Donald Trump IT expert

by digby

Remember when Trump bragged that the RNC was so much more secure than the DNC because he’d told them all about cyber-security and they did what he told them?

“At my suggestion — because I know something about this world — I said, ‘I want a very strong defensive mechanism. I don’t want to be hacked.’ And we did that,” Trump told reporters at a lengthy news conference, his first solo appearance before the press since taking office. “You have seen that they tried to hack us and they failed.”

“The DNC did not do that,” the president said. “And if they did it, they could not have been hacked. But they were hacked, and terrible things came in.” FBI Director James Comey did tell Congress last month that hackers only breached an old RNC server.
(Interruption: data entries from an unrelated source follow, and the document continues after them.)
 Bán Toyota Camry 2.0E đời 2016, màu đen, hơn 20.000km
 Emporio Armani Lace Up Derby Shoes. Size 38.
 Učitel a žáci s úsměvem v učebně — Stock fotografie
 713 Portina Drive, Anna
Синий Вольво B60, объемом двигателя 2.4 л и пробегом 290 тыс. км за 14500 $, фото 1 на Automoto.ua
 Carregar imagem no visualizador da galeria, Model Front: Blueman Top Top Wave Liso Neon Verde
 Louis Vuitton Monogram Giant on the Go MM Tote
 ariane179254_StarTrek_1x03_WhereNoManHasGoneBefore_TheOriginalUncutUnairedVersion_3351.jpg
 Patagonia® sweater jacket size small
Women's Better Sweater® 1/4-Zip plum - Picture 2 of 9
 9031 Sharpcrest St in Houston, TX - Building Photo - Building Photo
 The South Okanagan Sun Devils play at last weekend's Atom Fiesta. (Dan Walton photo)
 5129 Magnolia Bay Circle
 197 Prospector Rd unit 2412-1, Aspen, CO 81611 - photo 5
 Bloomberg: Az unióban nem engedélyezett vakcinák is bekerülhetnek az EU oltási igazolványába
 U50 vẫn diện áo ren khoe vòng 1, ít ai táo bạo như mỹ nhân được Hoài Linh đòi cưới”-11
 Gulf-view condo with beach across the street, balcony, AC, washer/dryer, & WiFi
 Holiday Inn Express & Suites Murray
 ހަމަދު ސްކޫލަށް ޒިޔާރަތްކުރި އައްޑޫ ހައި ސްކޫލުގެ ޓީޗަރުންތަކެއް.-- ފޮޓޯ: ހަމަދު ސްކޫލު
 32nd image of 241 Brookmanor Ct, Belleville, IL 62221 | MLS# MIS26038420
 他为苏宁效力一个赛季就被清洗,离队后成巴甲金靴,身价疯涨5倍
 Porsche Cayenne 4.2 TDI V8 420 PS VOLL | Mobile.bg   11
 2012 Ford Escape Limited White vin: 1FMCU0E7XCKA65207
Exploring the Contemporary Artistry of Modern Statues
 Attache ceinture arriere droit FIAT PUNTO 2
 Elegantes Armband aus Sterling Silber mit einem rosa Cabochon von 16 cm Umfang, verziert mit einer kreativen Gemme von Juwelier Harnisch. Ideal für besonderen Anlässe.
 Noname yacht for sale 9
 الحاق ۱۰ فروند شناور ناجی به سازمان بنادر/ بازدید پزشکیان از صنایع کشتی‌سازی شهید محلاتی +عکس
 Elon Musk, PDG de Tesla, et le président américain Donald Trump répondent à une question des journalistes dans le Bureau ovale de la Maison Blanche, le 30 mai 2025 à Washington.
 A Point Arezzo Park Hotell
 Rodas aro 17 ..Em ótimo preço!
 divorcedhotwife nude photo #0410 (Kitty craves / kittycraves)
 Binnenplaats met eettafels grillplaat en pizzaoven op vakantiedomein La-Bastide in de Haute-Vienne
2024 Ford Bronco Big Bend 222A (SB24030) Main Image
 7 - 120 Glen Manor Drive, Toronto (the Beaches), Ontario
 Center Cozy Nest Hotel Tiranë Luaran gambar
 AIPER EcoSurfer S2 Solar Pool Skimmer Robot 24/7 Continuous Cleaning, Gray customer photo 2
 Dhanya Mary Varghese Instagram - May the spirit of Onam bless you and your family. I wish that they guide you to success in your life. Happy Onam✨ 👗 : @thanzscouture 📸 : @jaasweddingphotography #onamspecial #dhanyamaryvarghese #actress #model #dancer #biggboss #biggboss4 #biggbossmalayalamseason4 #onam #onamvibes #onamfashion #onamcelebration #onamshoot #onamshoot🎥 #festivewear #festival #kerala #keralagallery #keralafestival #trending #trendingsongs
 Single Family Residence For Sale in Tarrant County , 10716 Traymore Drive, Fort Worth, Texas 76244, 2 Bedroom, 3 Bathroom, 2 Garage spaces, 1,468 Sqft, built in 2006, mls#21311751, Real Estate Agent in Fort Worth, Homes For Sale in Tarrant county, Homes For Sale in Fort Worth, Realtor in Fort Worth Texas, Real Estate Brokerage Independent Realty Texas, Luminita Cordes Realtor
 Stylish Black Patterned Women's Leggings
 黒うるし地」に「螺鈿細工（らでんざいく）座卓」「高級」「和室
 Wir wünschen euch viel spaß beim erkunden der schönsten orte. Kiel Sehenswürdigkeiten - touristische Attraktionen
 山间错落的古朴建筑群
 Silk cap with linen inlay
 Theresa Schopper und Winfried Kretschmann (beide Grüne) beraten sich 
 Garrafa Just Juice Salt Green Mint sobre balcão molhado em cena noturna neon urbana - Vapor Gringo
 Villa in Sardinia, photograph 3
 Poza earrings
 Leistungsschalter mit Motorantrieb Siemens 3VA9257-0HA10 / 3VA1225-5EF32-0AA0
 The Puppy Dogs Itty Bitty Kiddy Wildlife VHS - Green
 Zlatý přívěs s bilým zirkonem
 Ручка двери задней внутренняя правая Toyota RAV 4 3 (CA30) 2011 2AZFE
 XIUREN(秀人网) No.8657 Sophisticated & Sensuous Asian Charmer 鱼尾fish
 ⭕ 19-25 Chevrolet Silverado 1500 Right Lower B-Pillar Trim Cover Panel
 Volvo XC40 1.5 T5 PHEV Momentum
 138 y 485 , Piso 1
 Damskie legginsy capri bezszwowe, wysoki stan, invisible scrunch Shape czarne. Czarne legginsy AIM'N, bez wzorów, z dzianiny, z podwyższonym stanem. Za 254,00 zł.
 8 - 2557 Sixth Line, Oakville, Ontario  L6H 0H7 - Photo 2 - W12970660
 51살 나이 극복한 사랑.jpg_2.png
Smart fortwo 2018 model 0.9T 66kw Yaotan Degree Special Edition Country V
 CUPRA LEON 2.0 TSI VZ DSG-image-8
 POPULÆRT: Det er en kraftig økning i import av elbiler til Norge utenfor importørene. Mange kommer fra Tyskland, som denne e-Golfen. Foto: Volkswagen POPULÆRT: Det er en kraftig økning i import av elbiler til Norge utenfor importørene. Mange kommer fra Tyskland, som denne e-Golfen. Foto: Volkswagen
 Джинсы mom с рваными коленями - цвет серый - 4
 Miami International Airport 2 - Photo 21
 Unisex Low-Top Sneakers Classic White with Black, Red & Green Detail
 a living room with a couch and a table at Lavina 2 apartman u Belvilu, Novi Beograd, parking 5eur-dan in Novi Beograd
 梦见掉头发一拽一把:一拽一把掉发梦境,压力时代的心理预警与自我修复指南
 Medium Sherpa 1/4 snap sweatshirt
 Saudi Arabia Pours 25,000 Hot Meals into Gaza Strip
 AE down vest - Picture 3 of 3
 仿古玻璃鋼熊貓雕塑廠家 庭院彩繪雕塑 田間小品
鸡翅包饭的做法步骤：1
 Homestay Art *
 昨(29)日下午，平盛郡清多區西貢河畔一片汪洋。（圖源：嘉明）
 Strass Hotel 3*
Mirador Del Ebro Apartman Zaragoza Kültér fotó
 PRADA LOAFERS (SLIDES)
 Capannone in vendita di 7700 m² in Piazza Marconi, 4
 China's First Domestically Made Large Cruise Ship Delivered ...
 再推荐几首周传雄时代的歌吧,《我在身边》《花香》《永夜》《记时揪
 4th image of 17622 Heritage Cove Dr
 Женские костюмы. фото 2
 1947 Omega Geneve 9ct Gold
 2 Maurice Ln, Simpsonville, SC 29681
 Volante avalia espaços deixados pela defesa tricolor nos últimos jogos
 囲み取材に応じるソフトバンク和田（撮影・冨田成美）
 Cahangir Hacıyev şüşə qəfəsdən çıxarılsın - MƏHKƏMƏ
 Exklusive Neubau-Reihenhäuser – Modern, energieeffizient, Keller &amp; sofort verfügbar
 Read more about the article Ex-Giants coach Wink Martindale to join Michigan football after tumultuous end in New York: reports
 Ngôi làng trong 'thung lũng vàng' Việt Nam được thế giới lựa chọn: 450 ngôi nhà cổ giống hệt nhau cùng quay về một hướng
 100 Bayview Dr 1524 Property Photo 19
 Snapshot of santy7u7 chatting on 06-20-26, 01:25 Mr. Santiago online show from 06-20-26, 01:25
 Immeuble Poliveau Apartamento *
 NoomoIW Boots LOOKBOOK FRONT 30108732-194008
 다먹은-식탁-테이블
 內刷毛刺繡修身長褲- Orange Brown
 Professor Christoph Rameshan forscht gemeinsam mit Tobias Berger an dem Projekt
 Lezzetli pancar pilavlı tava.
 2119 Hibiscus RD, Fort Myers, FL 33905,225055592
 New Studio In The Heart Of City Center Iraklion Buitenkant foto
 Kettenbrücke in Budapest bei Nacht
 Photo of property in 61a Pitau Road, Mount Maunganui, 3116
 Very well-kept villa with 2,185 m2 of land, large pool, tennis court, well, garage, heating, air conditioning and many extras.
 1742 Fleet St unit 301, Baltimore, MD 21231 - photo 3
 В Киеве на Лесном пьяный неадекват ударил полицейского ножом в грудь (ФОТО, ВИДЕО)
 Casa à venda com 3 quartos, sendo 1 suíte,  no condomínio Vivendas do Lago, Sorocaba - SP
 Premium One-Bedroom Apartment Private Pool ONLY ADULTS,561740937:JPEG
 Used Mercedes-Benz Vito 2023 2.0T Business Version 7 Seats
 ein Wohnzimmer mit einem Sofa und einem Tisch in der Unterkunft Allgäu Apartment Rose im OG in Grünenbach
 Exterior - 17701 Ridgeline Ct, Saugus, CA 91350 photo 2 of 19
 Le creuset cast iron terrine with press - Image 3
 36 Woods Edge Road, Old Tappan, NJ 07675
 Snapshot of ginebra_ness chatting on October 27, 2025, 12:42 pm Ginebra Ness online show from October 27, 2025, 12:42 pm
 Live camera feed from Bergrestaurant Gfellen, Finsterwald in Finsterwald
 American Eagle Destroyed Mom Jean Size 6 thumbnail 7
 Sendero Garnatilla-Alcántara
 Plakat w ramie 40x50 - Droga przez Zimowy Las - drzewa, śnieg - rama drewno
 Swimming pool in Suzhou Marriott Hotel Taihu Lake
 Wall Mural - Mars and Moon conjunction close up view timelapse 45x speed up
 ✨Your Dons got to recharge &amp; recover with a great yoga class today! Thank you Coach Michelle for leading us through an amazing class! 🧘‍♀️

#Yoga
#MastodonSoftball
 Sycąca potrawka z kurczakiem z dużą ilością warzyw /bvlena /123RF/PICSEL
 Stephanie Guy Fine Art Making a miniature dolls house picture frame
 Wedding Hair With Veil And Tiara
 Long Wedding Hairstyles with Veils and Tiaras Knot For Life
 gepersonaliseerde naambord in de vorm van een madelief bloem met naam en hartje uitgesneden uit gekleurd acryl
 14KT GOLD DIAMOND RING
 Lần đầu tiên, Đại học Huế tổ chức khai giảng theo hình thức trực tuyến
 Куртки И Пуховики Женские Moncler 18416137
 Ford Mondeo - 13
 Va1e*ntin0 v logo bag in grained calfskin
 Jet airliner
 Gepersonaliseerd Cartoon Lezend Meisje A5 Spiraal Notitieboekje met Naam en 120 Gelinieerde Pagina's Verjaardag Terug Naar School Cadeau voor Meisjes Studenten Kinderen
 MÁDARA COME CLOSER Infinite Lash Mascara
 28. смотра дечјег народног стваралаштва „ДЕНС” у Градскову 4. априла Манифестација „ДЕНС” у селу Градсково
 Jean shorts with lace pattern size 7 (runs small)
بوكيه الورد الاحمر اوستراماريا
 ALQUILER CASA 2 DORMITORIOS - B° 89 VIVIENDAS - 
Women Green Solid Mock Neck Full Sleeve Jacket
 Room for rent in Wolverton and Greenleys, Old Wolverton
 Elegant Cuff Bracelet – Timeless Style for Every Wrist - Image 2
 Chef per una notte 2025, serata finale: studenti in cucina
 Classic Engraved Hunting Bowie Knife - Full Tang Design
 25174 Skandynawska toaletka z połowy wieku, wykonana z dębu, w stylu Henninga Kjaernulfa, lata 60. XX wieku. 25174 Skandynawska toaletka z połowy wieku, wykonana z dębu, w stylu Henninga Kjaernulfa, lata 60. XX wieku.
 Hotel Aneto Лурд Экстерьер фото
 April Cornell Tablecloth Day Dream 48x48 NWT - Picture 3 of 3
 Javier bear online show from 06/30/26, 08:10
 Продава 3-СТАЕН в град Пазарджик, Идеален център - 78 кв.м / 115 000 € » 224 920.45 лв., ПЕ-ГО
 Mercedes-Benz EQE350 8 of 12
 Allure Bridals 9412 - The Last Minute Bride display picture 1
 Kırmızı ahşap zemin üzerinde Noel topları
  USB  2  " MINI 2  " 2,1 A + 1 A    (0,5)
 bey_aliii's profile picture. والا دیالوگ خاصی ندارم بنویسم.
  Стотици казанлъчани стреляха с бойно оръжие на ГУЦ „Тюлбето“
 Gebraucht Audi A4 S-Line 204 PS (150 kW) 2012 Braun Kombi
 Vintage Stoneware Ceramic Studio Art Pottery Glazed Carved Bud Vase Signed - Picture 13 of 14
But he also noted that they successfully infiltrated other Republican targets and declined to release those stolen files.

I love the “terrible things came in” like it showed the kind of nefarious deeds he’s been accused of instead of anodyne office politics.

Anyway, guess what?

Political data gathered on more than 198 million US citizens was exposed this month after a marketing firm contracted by the Republican National Committee stored internal documents on a publicly accessible Amazon server.

The data leak contains a wealth of personal information on roughly 61 percent of the US population. Along with home addresses, birthdates, and phone numbers, the records include advanced sentiment analyses used by political groups to predict where individual voters fall on hot-button issues such as gun ownership, stem cell research, and the right to abortion, as well as suspected religious affiliation and ethnicity. The data was amassed from a variety of sources—from the banned subreddit r/fatpeoplehate to American Crossroads, the super PAC co-founded by former White House strategist Karl Rove.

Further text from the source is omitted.